SPRINGFIELD — In early July, a judge in downstate Clay County voided Gov. JB Pritzker’s executive orders in a sweeping order that he applied to the entire state, at the request of a southern Illinois lawmaker who sued Pritzker over his response to the pandemic.
More than six months later, Sangamon County Judge Raylene Grischow has essentially voided Judge Michael McHaney’s July 2 order in the case of Rep. Darren Bailey, R-Xenia.
Pritzker’s lawyers asked Grischow last month to “reconsider” the July 2 order from McHaney, who initially presided over Bailey’s case before it was transferred to Sangamon County.
On Monday, Grischow issued an 11-page opinion vacating McHaney’s order, including “the order wherein Judge McHaney applied it to ‘all citizens of the state of Illinois.’”
Grischow also denied Bailey’s request from October to find Pritzker in contempt for failing to follow McHaney’s July 2 order.
McHaney’s order found Pritzker’s emergency powers ended on April 8 — the date his first disaster proclamation lapsed — and it declared the Illinois Department of Public Health as the “proper authority to restrict a citizen’s movement and/or forcibly close their business premises….”
Regarding the claim that Pritzker’s emergency powers ended on April 8, Grischow found that the state law in question — the Illinois Emergency Management Agency Act — allows the governor to issue more than one 30-day disaster proclamation.
She wrote that her interpretation of the Illinois Emergency Management Agency Act is consistent with a 2nd District Appellate Court decision from November, in FoxFire Tavern LLC v. Pritzker, et al. In that case, a Kane County restaurant sued the governor for exceeding his authority under the law by imposing a ban on indoor dining and the appellate court ruled in favor of Pritzker.
“The Appellate Court expressly found that the IEMAA authorizes the Governor to issue successive disaster proclamations stemming from one ongoing disaster,” Grischow’s opinion states.
Grischow also rejected McHaney’s assertions that the Department of Public Health, not the governor, is responsible for closing businesses or restricting individuals’ activities during a public health emergency, citing the Illinois Constitution as providing the governor with “supreme executive authority.”
“This grant of authority includes providing for the health, safety and welfare of the people of Illinois under a rational basis standard,” Grischow wrote in her Dec. 21 opinion.
Grischow is overseeing a total of 19 cases that were consolidated by the Illinois Supreme Court to her court. The cases all raise the same question about the governor’s authority to issue multiple, successive disaster proclamations under IEMAA.
Those cases are ongoing and no final decision has been issued.

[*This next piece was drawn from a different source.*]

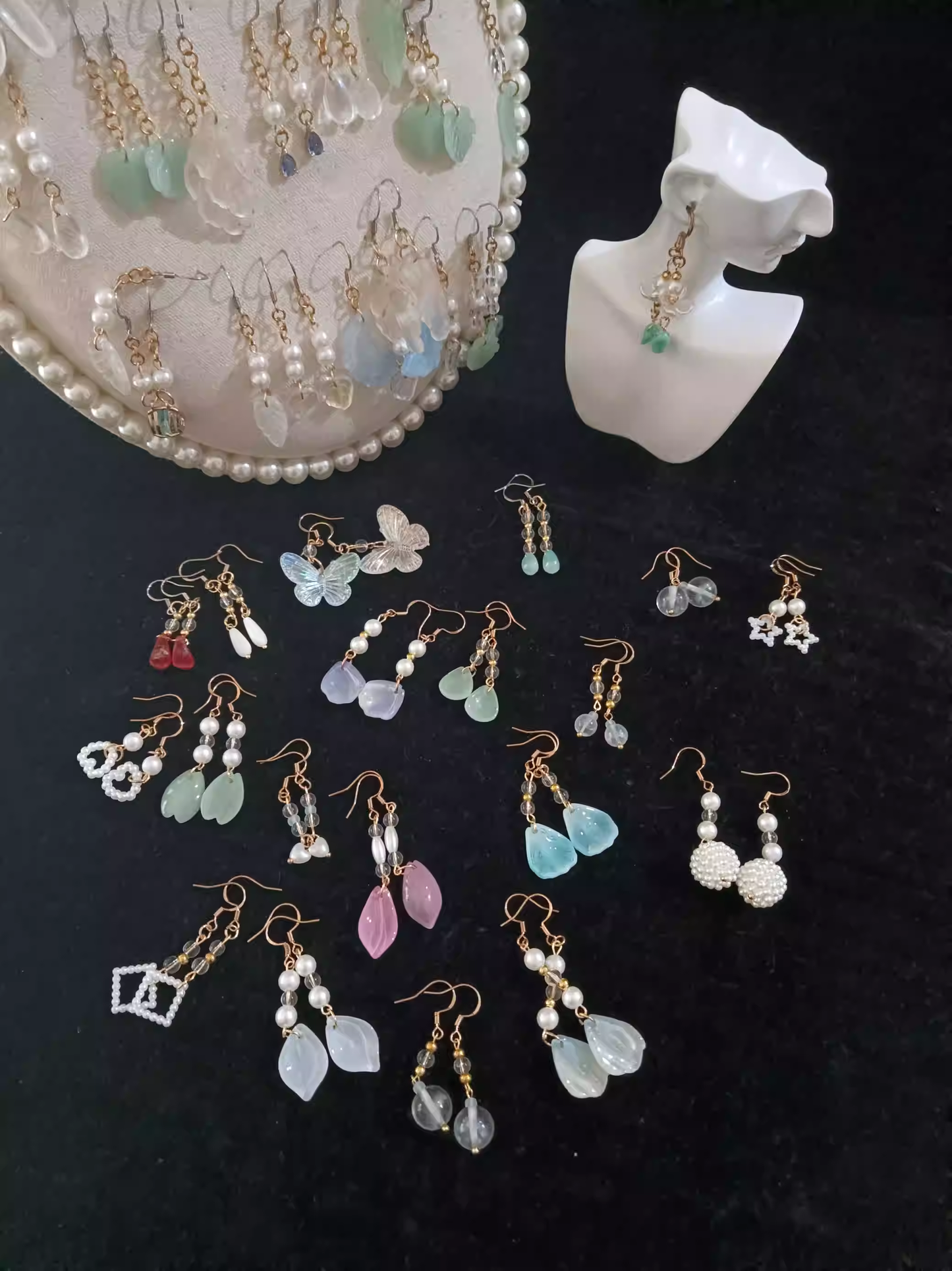 Handmade simple earrings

Thomas DeVore, an attorney who represents Bailey and a couple other clients before Grischow, said he wasn’t surprised by Monday’s ruling because she was required to follow the precedent established in the 2nd District Appellate Court opinion.
He said he intends to continue to pursue Bailey’s case in court, adding that the next procedural step is to appeal to the 4th District Appellate Court, which has jurisdiction over appeals from Sangamon County court.
Grischow’s order “still leaves all of those issues in front of the court,” DeVore said in a phone interview. “But at the end of the day, the Illinois Supreme Court will decide these issues, so practically speaking her ruling changed nothing.”
The Illinois Supreme Court has twice declined to intervene in this case, both times at the request of Pritzker’s lawyers, first in May and then in August.
Last week, lawyers for FoxFire filed a petition asking the Illinois Supreme Court to hear the case and overturn the 2nd District Appellate Court’s ruling. The Supreme Court justices have not yet accepted or declined to hear the FoxFire case.
In an emailed statement, a spokesperson for Attorney General Kwame Raoul’s office — which represents the governor and his agencies in court — wrote that Grischow’s ruling “might finally signal the end of the first lawsuit - filed earlier this year by Darren Bailey - challenging the governor’s authority to issue executive orders to protect Illinois residents during the COVID-19 pandemic.”
“For several months, Darren Bailey’s lawsuit has served as a distraction from the urgent need to mitigate the spread of COVID-19 in Illinois. Previously when given the opportunity, Mr. Bailey has abandoned any effort to seek appellate court review of his challenge to the governor’s actions, and we assume that will again be the case,” wrote AG spokesperson Annie Thompson.